Chapter 6
Lyra’s breath came fast and ragged, tearing its way through her throat as she sprinted down the street. Lights were starting to flicker on in previously dark windows, and shouts of “FIRE!” were shattering the quiet of the night. She saw people running away from the burgeoning light on the horizon, one, two, five, nine, then a continuous stream of noise and fear running away from an orange glow. Screams filled the air, the mass panic and running crowds making it harder for Lyra and Selene to beat their way towards the source of the fire.

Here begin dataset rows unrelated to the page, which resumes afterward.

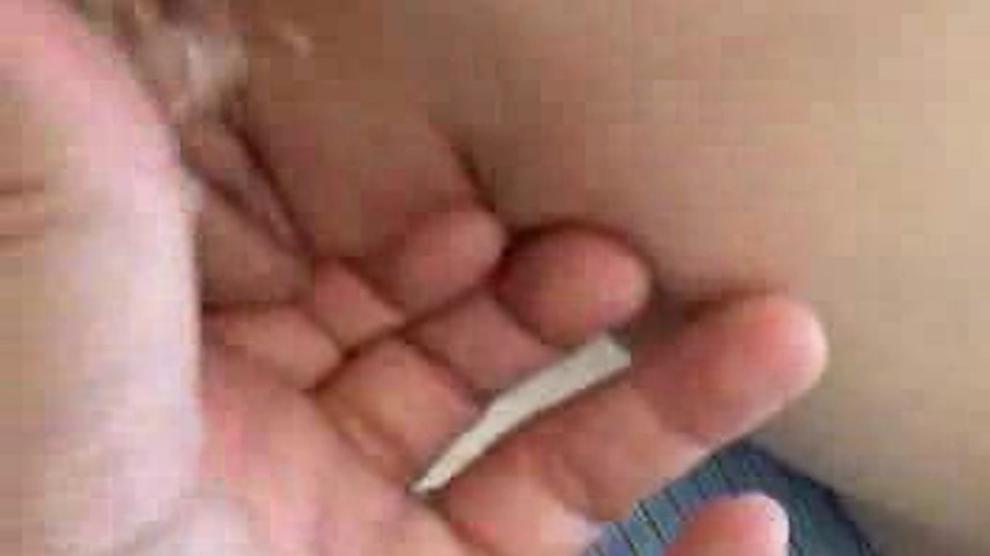 Cum On Young Girl Braces Porn Videos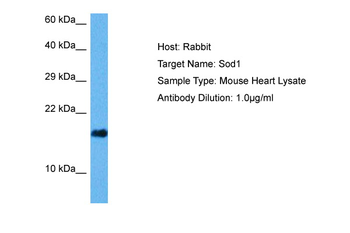 SOD1 Rabbit Polyclonal Antibody
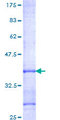 CARD18 / ICEBERG Protein - 12.5% SDS-PAGE Stained with Coomassie Blue.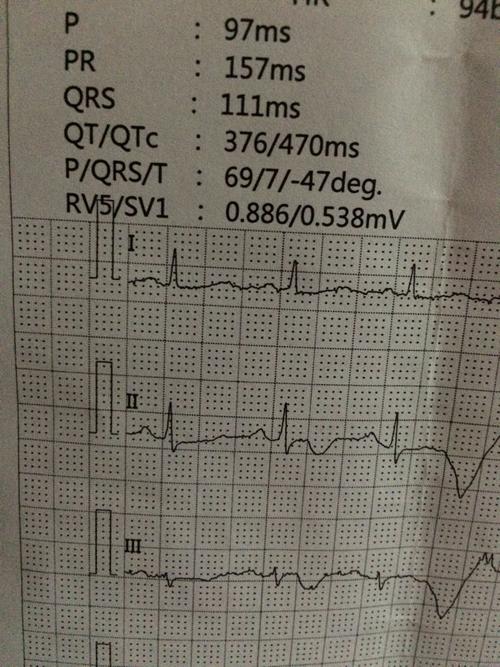 问:各位大神帮我看下这心电图值正常吗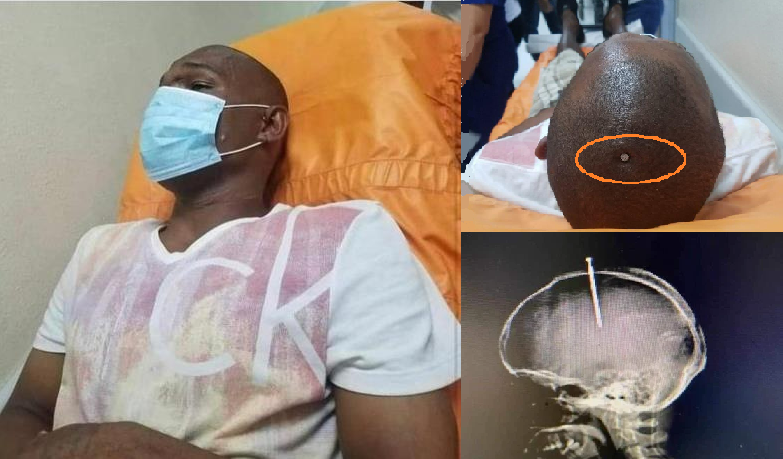 Fallece en hospital de Santiago joven de Puerto Plata se clavó un clavo en la cabeza 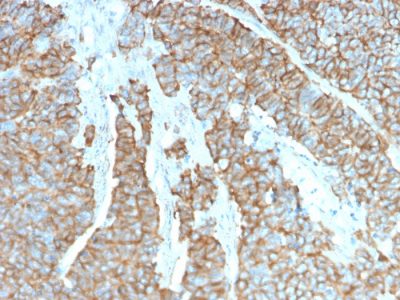 Formalin-fixed, paraffin-embedded human Neuroendocrine Tumor stained with Drebrin-1 Mouse Monoclonal Antibody (DBN1/3393).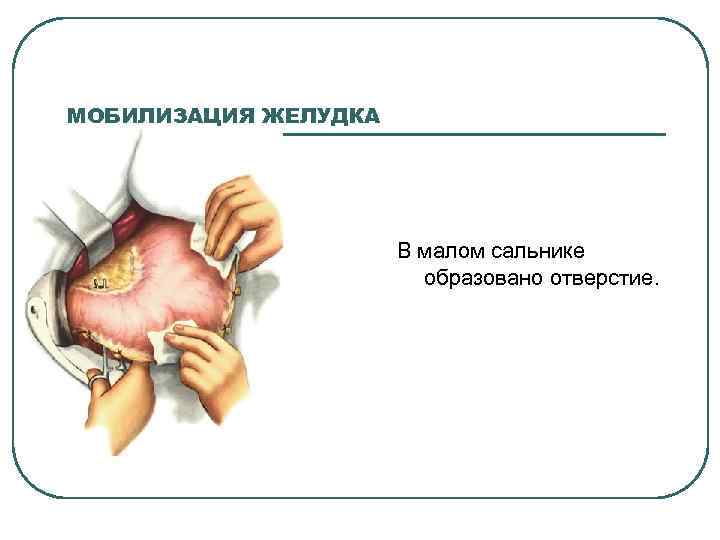 Метастазы в сальнике прогноз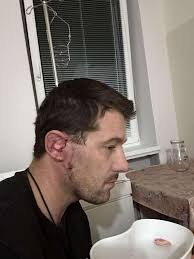 Exostosis/Surfer's Ear and Kayakers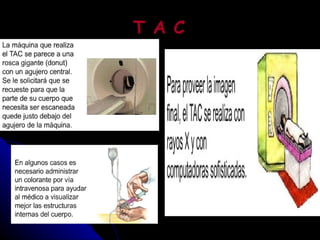 T A C 
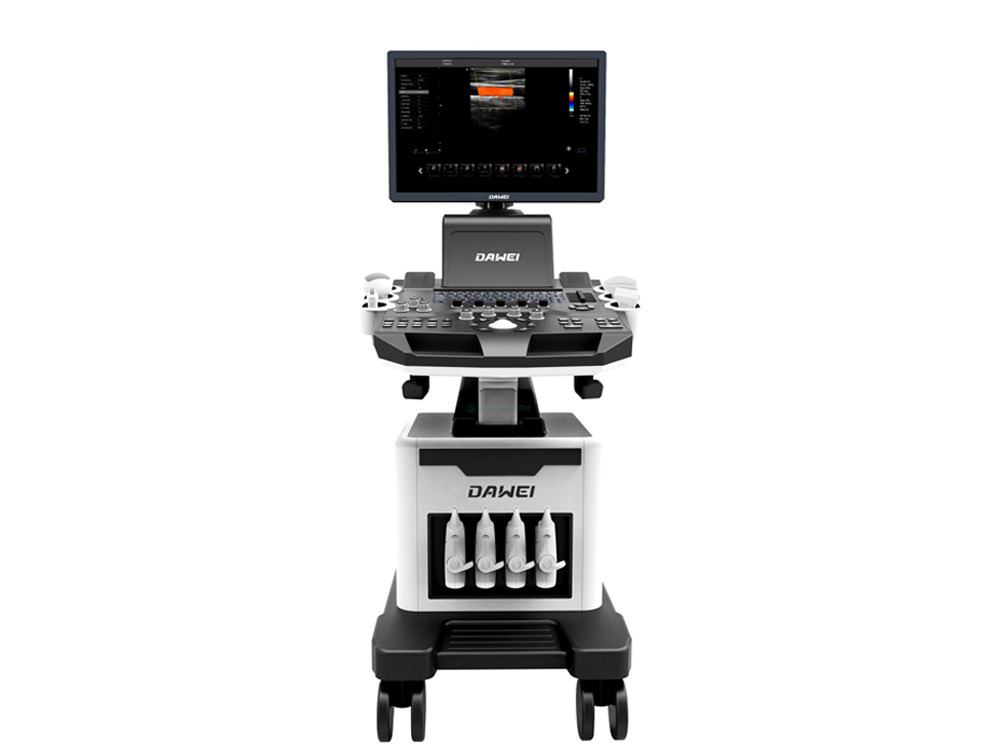 Elastography Machine in Uganda. Buy from Top Medical Supplies & Hospital Equipment Companies, Stores/Shops in Kampala Uganda, Ugabox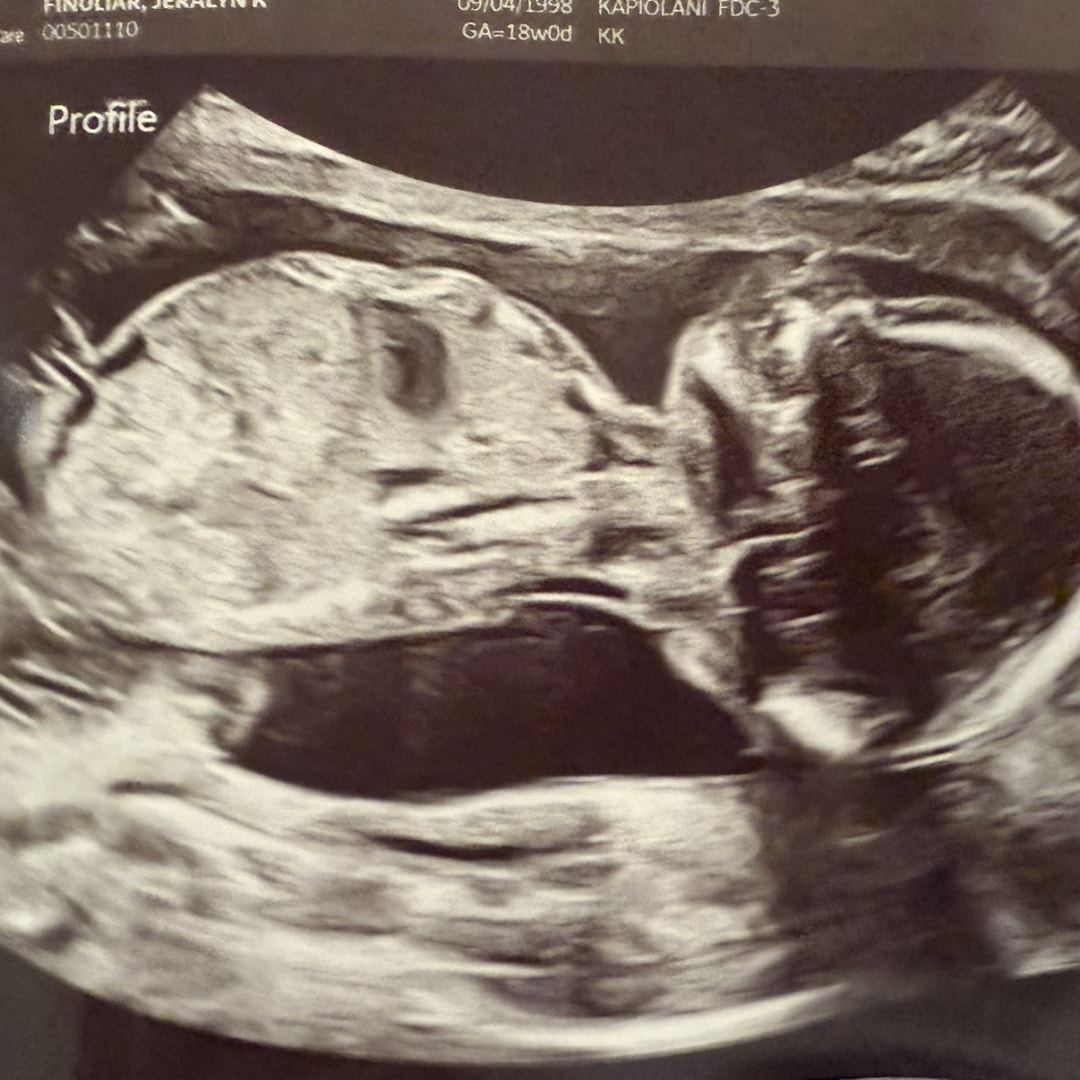 Photo shared by Jeralyn Kiku for their Babylist baby registry.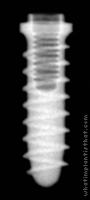 Radiograph of Tixos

“Oh god,” Selene choked out, when they came into view of the fire, “The University.”
Bright, Lyra had expected. Terrifying, she had expected. Angry, heavy, a thousand other things she’d expected, but she hadn’t expected the fire to be so loud. She was pushed to her knees by the noise, the rushing of oxygen being consumed, the crashing of debris. A far off echo of laughter, manic and insane. All of it drowned out by a chorus of screams and a feeling of fear-pain-sorrow-loss-
What is happening?
“-yra, Lyra, LYRA”
“Wha-” it was too loud, Lyra couldn’t hear, someone was calling her- Who is that? A wave of noise, a scream of fear-panic-pain. She buckled over, hugged herself.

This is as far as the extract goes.